What Are The Bad Things About Machine Learning?
- Believing we are at the center of the universe: Copernicus and Galileo dashed these hopes, at great personal risk to their lives, since earlier such "blasphemers" were burned alive at the stake. As the most recent estimate puts it, we are one tiny planet revolving around a star, there are a trillion stars in our Milky Way galaxy, and a trillion such galaxies. Much as we might care about the next US Presidential Election, or making the maximum number of hits on Instagram, the universe does not care. We are absolutely inconsequential in the grand scheme of things.
- Assuming that humans are "divine" creatures, distinct from other animals on the planet: Darwin dashed these hopes, and while the Kansas School Board and other similar states in the US try to throw Darwin out of the school curriculum each year, 150 years after Darwin, in favor of "intelligent creation" (whatever that means), it is an established fact beyond any doubt that we are descended from the apes, and share a huge genetic similarity with many millions of other species on the planet. That simple but astonishing fact, strangely enough, may be the single biggest hope for extending human life on this planet, since breakthrough medicines for treating our most basic ailments can be developed from recognizing and exploiting the genetic similarities among species.

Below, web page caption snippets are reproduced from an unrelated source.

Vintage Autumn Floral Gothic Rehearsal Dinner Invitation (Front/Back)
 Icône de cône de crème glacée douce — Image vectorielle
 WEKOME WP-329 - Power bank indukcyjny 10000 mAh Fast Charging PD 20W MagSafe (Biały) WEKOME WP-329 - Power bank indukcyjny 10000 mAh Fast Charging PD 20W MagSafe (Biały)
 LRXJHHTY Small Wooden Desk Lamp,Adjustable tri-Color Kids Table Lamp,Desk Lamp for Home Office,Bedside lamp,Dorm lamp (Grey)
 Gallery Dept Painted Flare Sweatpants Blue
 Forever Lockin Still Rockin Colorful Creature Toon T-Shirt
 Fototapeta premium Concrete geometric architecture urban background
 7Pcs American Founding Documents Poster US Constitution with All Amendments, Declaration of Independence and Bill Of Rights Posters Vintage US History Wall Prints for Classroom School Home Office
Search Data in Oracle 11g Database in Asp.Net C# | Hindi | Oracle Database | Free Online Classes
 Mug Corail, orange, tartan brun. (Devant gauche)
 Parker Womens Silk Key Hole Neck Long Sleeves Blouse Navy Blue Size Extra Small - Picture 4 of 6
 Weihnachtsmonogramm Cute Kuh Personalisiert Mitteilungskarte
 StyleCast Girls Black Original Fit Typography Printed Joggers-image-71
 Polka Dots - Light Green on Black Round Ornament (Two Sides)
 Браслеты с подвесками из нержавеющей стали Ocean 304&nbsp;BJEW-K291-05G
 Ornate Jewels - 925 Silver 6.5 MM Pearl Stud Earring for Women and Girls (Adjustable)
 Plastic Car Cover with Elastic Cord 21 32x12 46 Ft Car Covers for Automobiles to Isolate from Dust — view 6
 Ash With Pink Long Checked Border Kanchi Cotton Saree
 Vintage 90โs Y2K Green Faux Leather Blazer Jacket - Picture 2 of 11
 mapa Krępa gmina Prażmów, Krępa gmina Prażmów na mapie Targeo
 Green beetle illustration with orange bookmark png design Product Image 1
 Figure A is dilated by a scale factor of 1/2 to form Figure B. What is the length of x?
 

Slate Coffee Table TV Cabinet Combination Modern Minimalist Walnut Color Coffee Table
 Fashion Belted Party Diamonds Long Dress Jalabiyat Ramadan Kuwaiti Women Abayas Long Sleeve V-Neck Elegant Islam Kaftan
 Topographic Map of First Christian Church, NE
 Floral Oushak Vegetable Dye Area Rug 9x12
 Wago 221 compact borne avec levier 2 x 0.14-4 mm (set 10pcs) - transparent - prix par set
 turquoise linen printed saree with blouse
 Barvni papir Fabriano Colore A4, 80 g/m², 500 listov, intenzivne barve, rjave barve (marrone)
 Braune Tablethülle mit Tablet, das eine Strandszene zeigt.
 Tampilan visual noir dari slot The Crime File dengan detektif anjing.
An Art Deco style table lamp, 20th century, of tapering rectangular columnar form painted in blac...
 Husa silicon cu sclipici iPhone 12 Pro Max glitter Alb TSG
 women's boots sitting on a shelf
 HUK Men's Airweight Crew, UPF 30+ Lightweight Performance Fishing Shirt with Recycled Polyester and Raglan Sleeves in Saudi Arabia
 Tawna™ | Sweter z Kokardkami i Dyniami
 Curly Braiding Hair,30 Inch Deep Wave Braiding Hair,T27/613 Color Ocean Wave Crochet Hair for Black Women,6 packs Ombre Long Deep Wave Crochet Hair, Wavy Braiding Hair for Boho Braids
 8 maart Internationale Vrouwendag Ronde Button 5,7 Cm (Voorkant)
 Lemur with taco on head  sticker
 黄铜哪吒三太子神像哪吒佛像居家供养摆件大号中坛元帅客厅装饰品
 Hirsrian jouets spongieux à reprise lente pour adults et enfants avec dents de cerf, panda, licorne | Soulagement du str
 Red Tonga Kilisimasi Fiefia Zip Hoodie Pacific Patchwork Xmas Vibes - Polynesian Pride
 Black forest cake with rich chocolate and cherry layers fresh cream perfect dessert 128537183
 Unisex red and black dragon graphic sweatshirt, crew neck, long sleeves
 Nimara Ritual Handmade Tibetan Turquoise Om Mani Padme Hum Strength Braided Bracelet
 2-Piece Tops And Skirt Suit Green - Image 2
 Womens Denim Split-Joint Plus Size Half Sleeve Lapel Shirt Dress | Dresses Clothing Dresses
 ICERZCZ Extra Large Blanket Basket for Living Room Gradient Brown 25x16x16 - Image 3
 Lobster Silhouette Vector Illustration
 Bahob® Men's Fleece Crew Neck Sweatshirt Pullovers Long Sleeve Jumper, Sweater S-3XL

- Freud claimed the mantle for this last advance: the vain hope that humans are rational beings. Freud thought his life's work decisively disproved the illusion that humans act rationally. Much of the work in AI, economics, psychology, and other areas still cling to this illusion, despite the fact that there is huge evidence against it. Behavioral economics is finally realizing that perhaps it might be better to actually study how humans make decisions, rather than assuming they act rationally. AI has yet to make this intellectual leap, and work in reinforcement learning, to take one area, still assumes humans act to maximize expected utility and therefore, behave rationally.
- Believing that every problem in AI, science, business, and entertainment is best approached through an ML solution: this is a "paradigm" best exemplified by deep learning. Whether it is computer vision, speech recognition, NLP, digital marketing, robotics, social interactions, financial investing, you name it, the DL paradigm assumes that a network can be designed to fit some unknown function, given enough data. With every iteration, it seems that the "promised land" is just around the corner, and with a little bit more math, and a lot of GPU power, the magical solution will appear.
- Evaluating a desired machine learning model based on its fit to some training or test data: another common and hard-to-avoid misapprehension of ML researchers is that the method that produces the lowest error on training data (or test data derived from the same distribution) must be the best approach. So, hypothetically, if a deep learning (or whatever) approach performs, say 3% better on MNIST, compared to some other approach, e.g. random forest, then the lower error approach is intrinsically better. In other words, fit to training or test data trumps all other criteria.
- Assuming that for every given problem, there has to be an ML solution, regardless of what computational learning theory has shown: so, more than 5 decades ago, Gold established the futility of trying to induce grammars from data, even given arbitrary computation and data. While linguists took Gold's work to heart and sought to develop models that don't assume grammars can be induced from data, ML researchers largely ignored the results from their own community, and have continued to search for the "magic solution", e.g., LSTMs and other sequence models.
- Wanting a completely domain-independent solution to the problem of how the brain works, according to which any approach that is developed in one domain (e.g., convolutional networks for vision) must automatically also be the best approach in every other domain (e.g., deep reinforcement learning, speech recognition, robotics, etc.). The fact that decades of neuroscience research has produced significant evidence for the modularity of the brain has done little to dampen the enthusiasm for the hope that there is one magical architecture, and one magical solution, that will produce the best result in each and every domain.
- But a theory is not like an airline or bus timetable. We are not interested simply in the accuracy of its predictions. A theory also serves as a base for thinking. It helps us to understand what is going on by enabling us to organize our thoughts. Faced with a choice between a theory which predicts well but gives us little insight into how the system works and one which gives us this insight but predicts badly, I would choose the latter, and I am inclined to think that most economists would do the same.
- If you torture the data enough, nature will always confess.